*** Opening of Data extracts ***
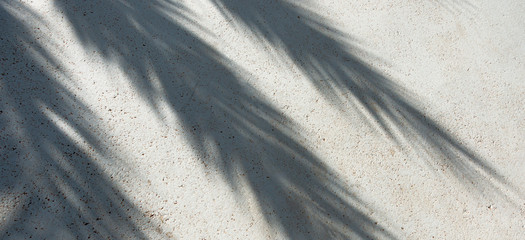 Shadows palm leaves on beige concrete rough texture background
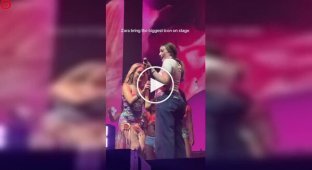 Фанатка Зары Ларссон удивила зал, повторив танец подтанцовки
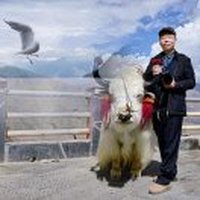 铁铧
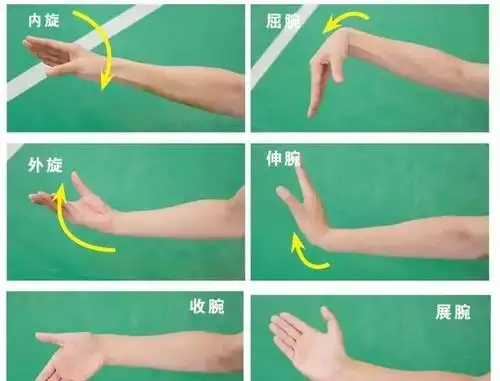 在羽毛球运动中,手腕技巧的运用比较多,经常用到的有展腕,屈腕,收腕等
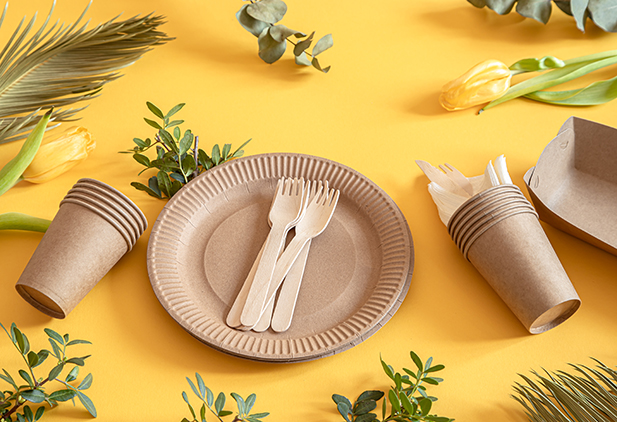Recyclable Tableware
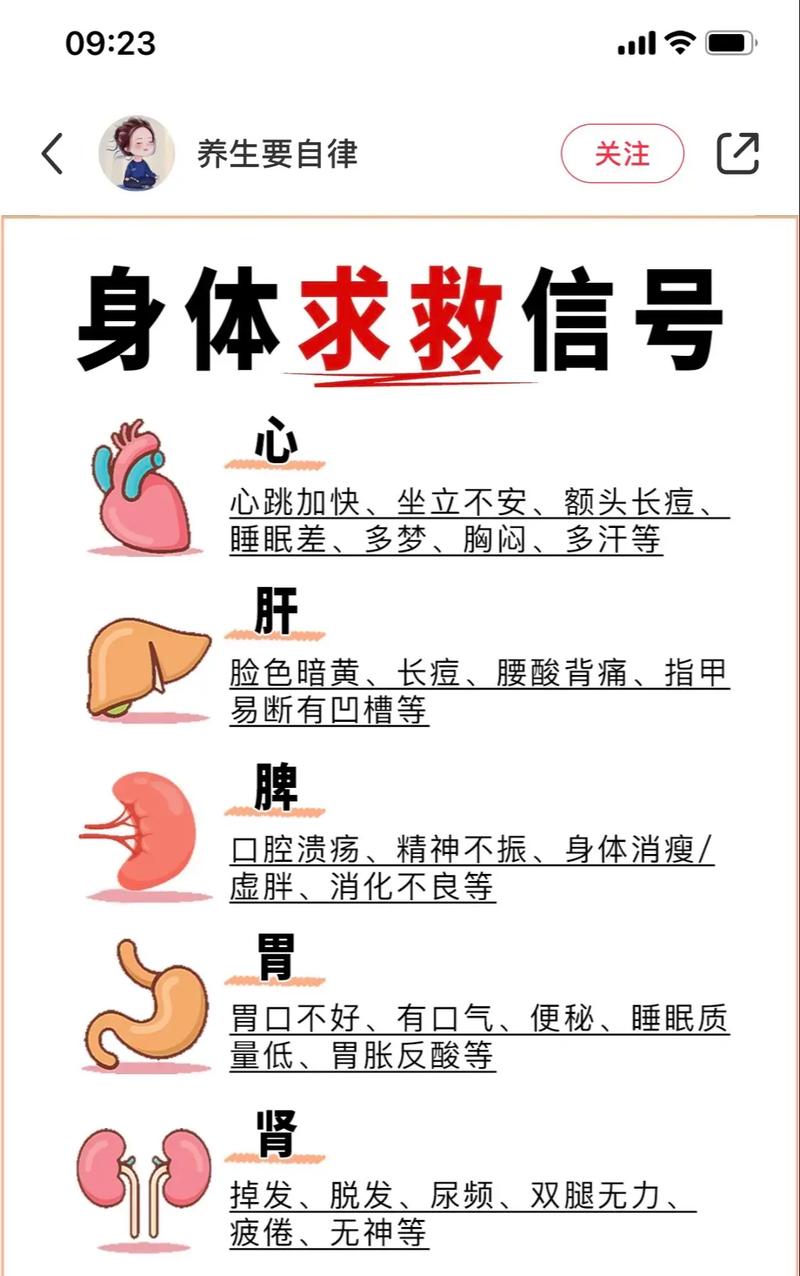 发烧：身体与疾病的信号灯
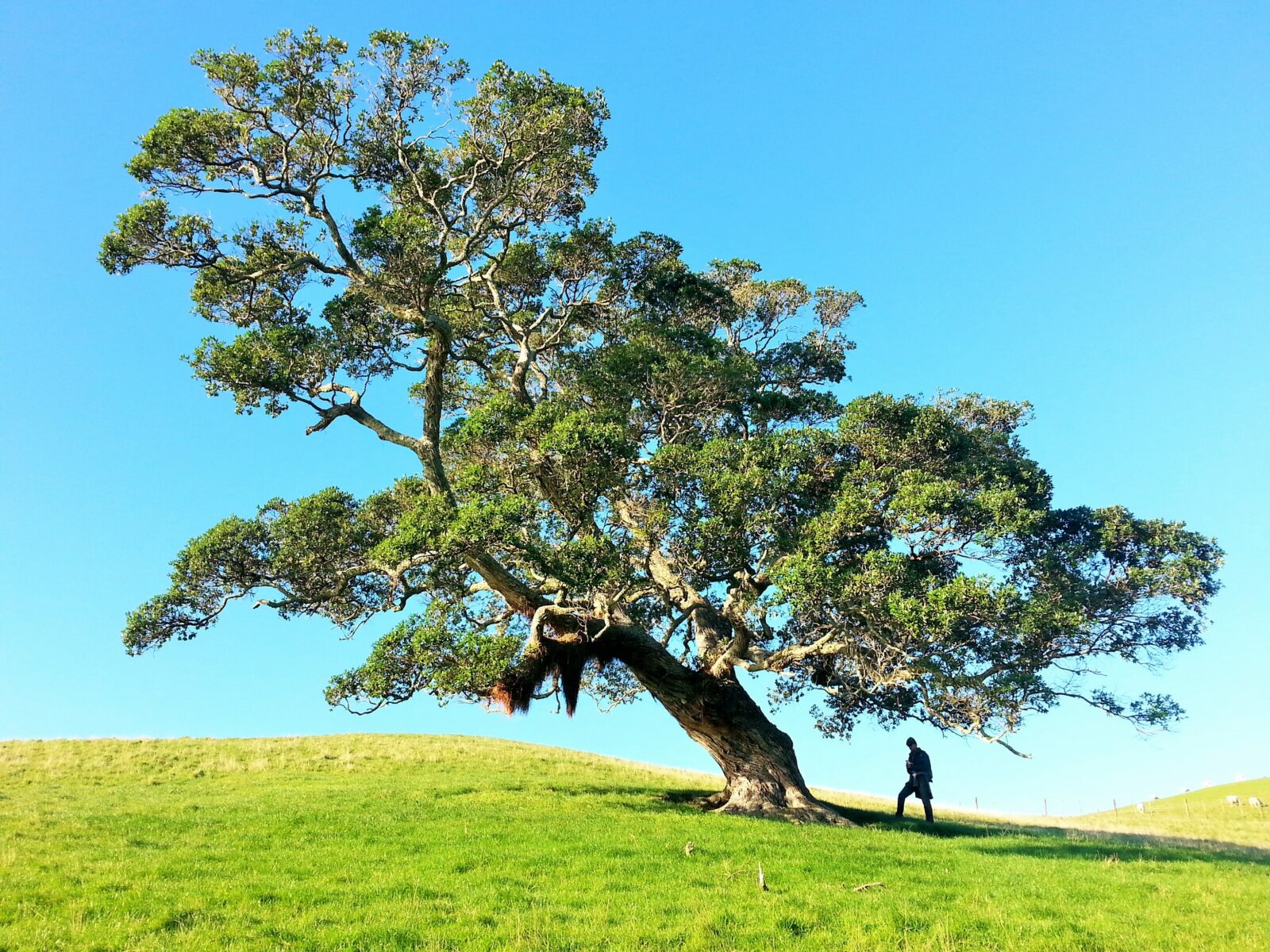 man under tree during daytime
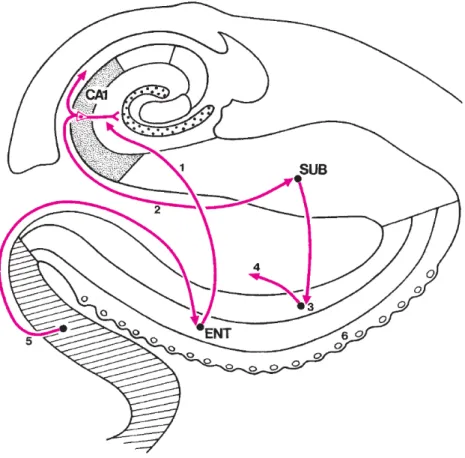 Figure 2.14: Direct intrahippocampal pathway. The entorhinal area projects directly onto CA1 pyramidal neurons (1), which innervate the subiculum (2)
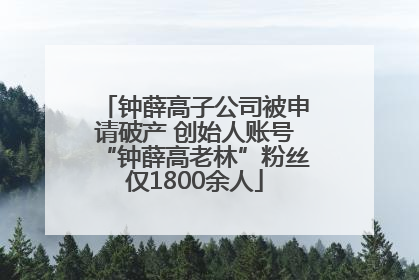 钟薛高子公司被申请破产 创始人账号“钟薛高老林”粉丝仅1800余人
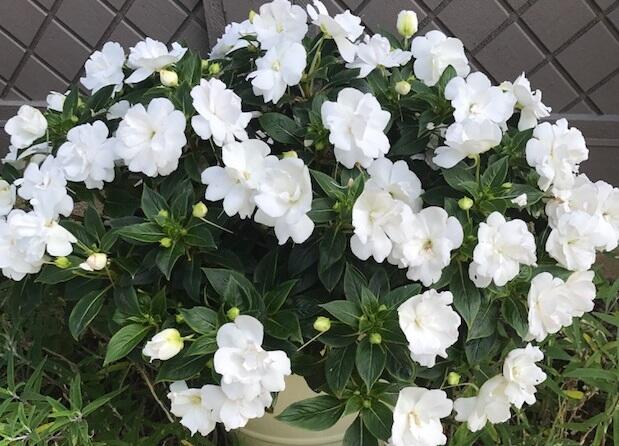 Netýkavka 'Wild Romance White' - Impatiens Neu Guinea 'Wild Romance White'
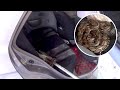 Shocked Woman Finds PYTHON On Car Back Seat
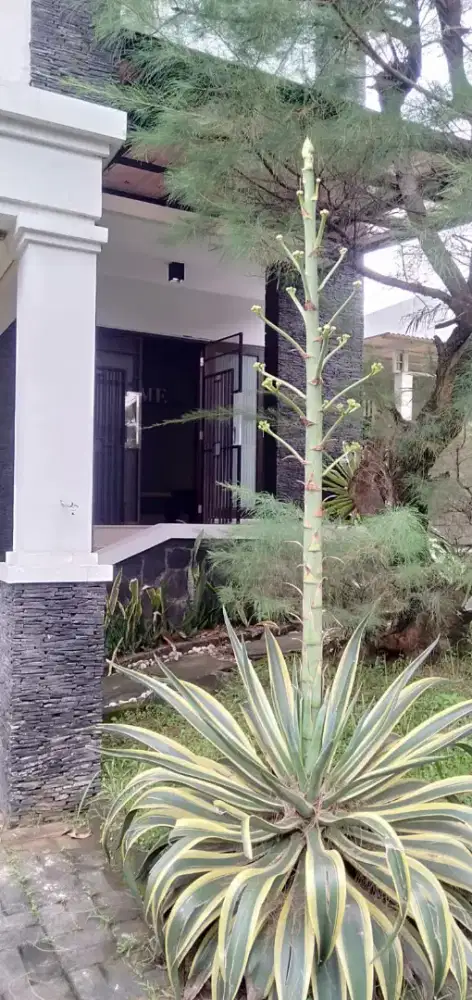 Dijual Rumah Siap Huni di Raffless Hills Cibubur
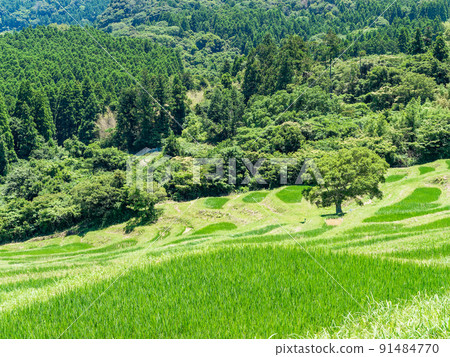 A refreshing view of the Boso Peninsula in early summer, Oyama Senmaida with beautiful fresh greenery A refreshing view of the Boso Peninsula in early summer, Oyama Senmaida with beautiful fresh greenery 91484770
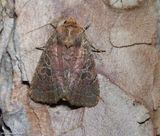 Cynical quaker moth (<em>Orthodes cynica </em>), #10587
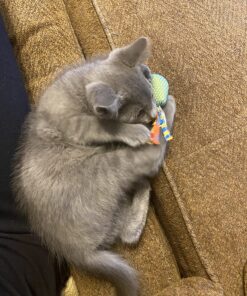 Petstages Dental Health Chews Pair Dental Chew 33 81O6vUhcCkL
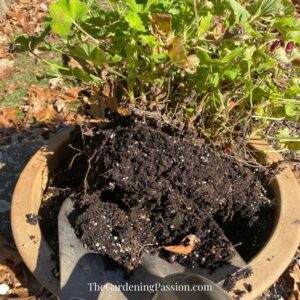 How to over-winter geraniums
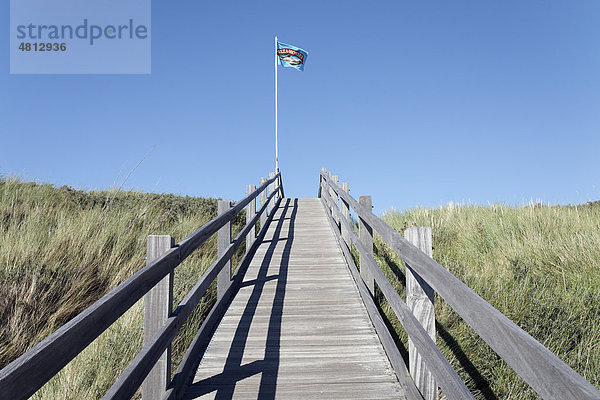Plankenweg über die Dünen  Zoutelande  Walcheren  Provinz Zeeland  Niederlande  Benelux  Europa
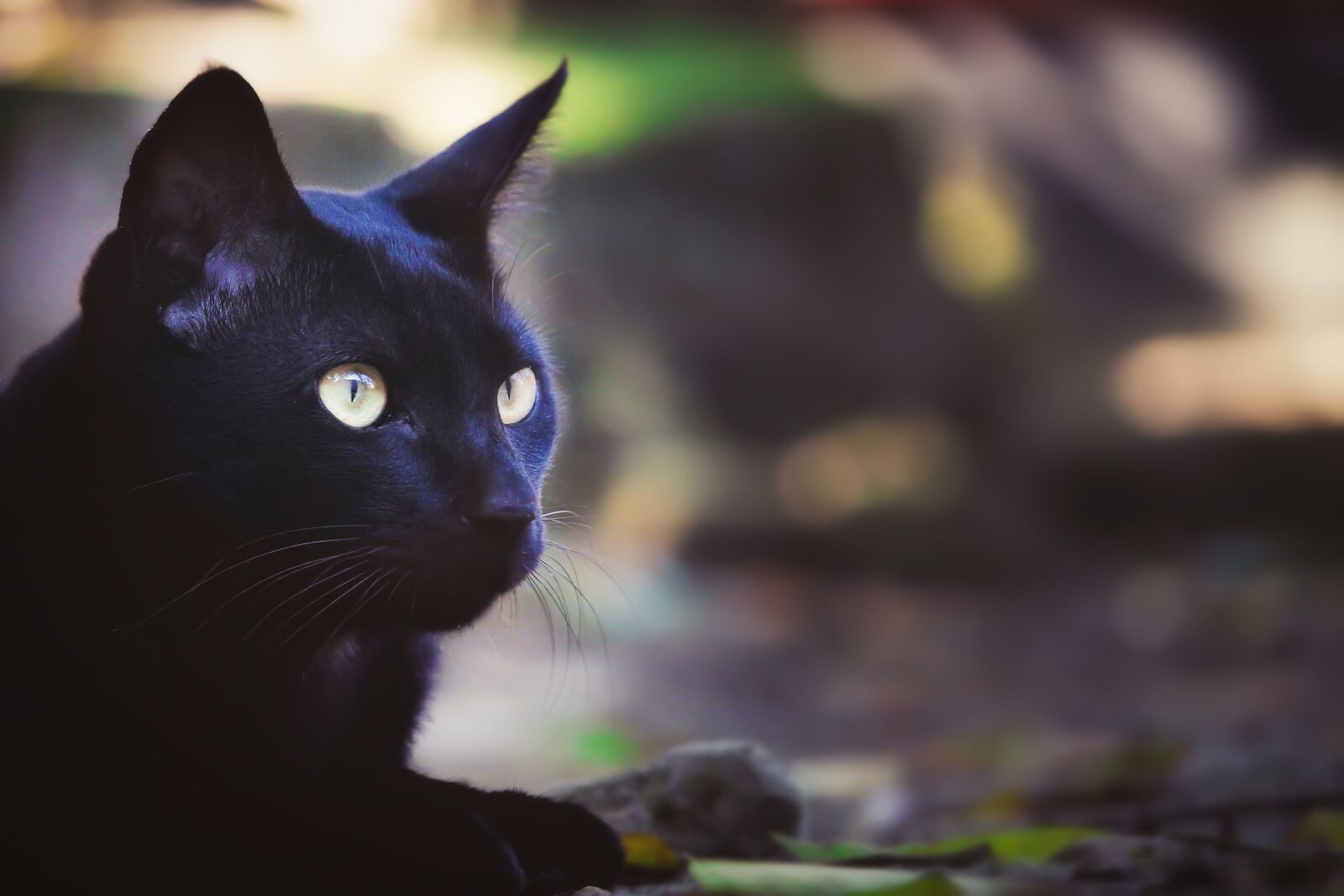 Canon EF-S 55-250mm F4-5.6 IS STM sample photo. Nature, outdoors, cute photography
*** Close of Data extracts ***
• **Your task**: A verbatim copy is needed of the lines running from the line with "How to over-winter geraniums" to the end of the data above, both included. Keep the pictures out of it.

• **Result for this exercise**:
 How to over-winter geraniums
Plankenweg über die Dünen  Zoutelande  Walcheren  Provinz Zeeland  Niederlande  Benelux  Europa
 Canon EF-S 55-250mm F4-5.6 IS STM sample photo. Nature, outdoors, cute photography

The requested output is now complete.